WORK INSTRUCTIONS:
Below is a block of entries; repeat all of it exactly but omit the pictures.
-=-=-
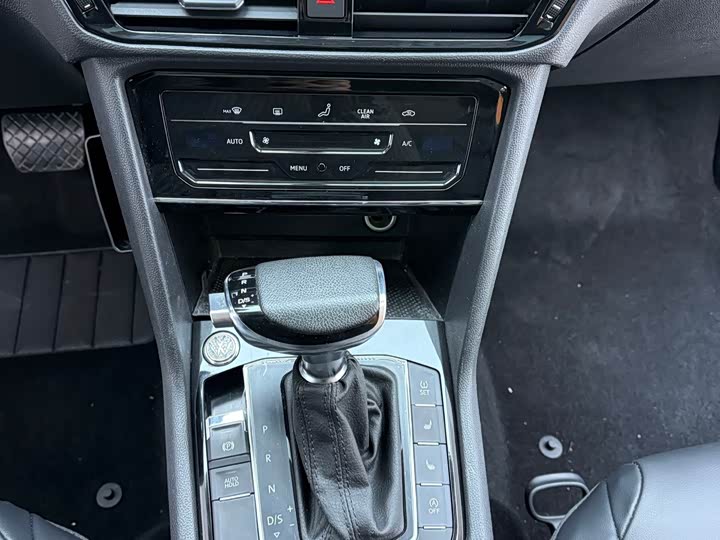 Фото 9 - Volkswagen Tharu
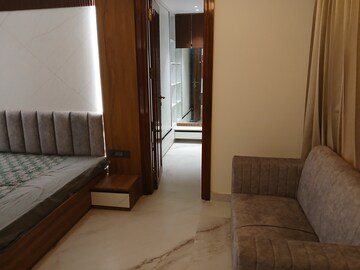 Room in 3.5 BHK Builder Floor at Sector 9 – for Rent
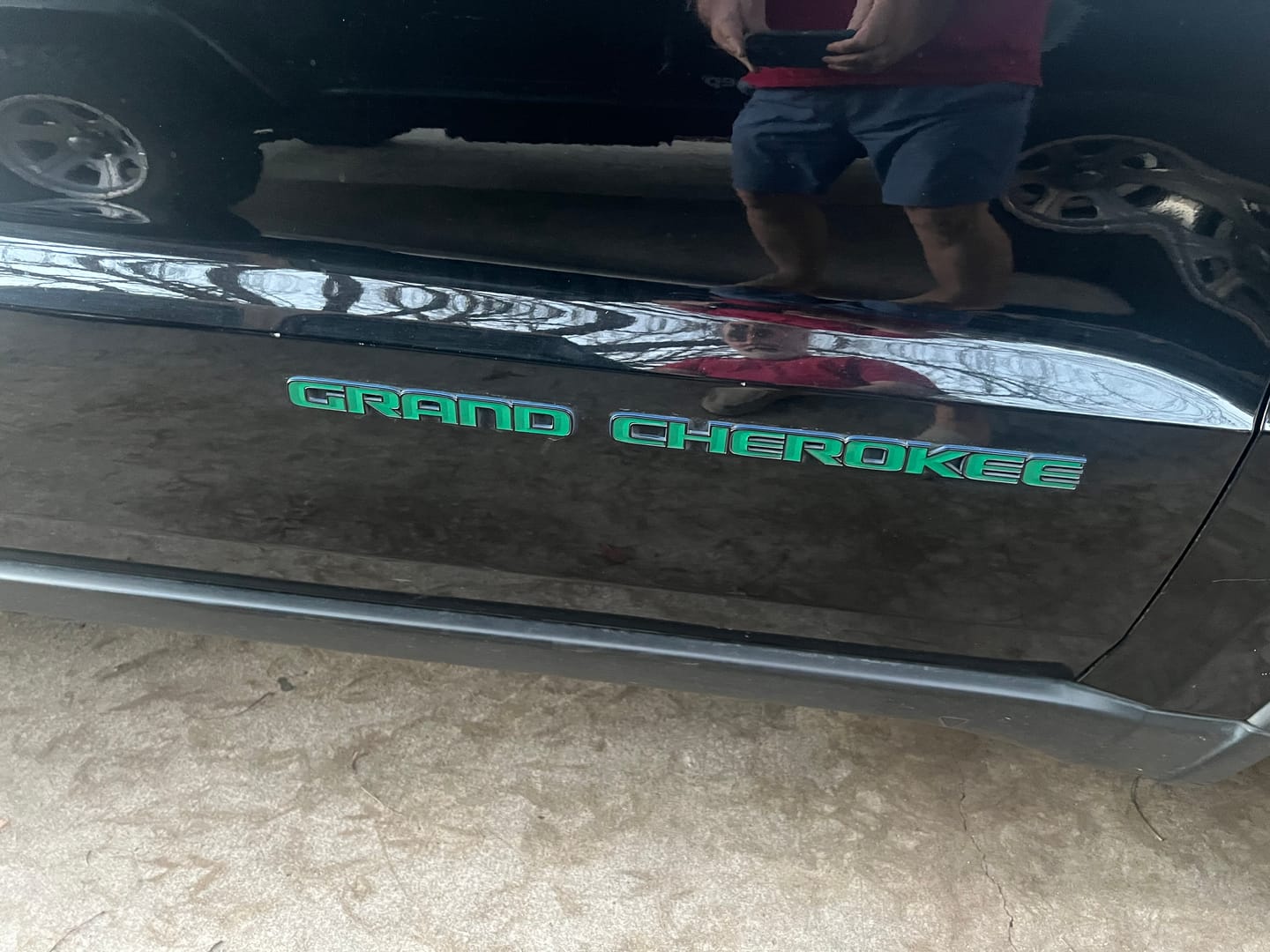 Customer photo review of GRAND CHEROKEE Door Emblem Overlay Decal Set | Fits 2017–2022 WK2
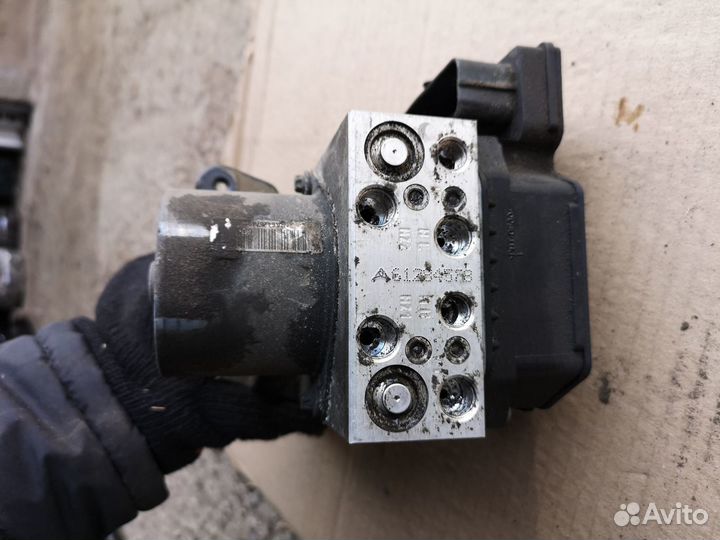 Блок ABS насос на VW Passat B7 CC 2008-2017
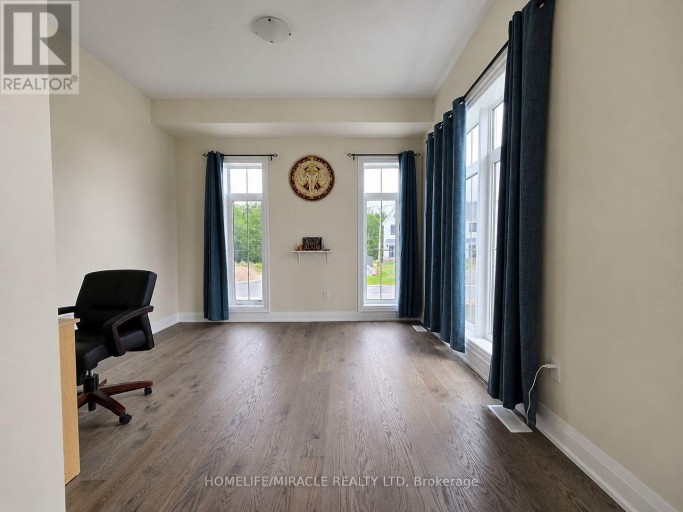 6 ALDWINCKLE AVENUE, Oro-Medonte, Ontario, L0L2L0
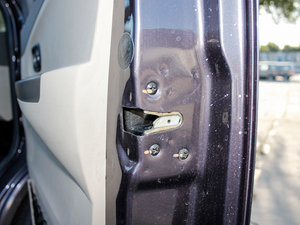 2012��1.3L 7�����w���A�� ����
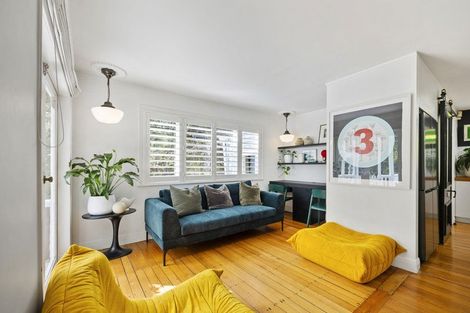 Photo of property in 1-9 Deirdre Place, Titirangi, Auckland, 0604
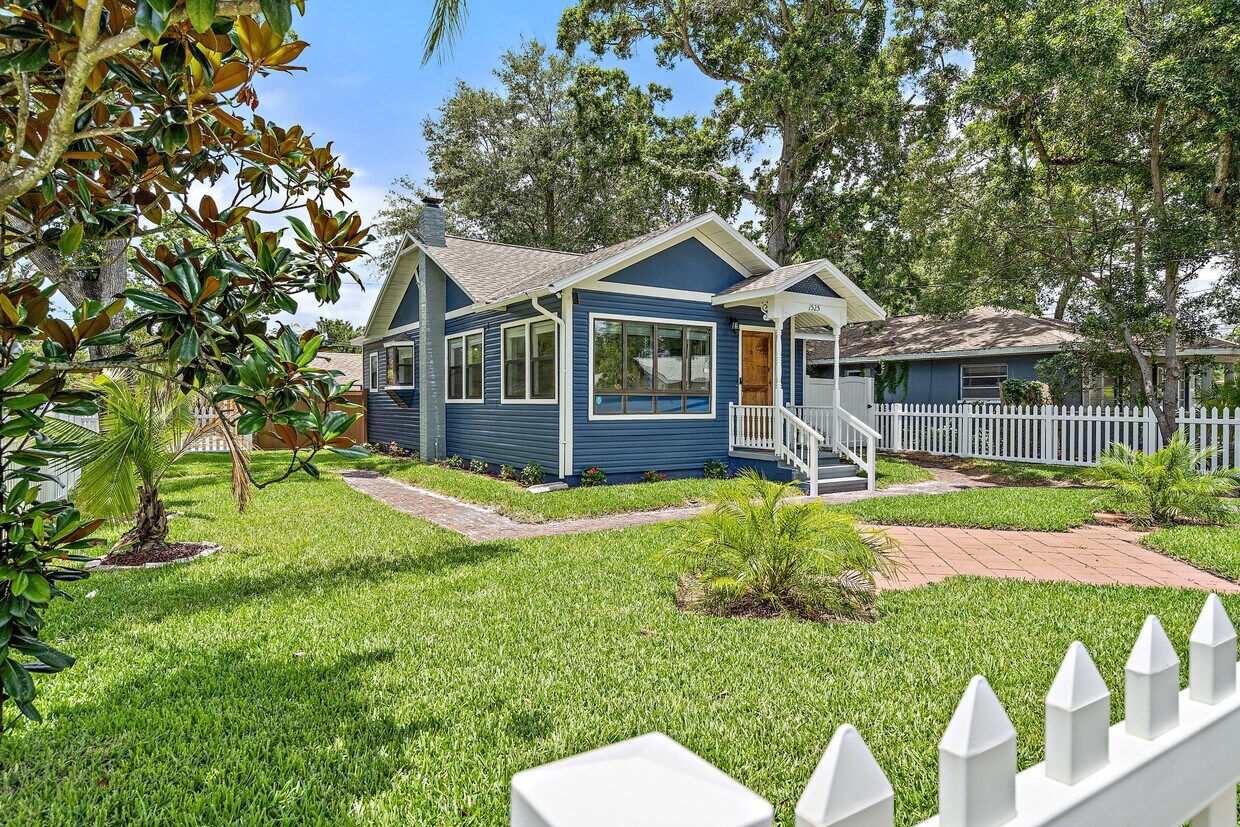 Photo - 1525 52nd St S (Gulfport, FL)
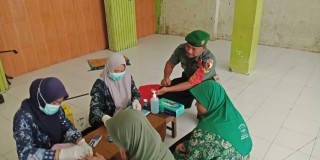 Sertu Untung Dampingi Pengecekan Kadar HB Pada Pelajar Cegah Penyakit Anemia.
-=-=-
EXPECTED OUTPUT:
 Фото 9 - Volkswagen Tharu
 Room in 3.5 BHK Builder Floor at Sector 9 – for Rent
 Customer photo review of GRAND CHEROKEE Door Emblem Overlay Decal Set | Fits 2017–2022 WK2
 Блок ABS насос на VW Passat B7 CC 2008-2017
 6 ALDWINCKLE AVENUE, Oro-Medonte, Ontario, L0L2L0
 2012��1.3L 7�����w���A�� ����
 Photo of property in 1-9 Deirdre Place, Titirangi, Auckland, 0604
 Photo - 1525 52nd St S (Gulfport, FL)
 Sertu Untung Dampingi Pengecekan Kadar HB Pada Pelajar Cegah Penyakit Anemia.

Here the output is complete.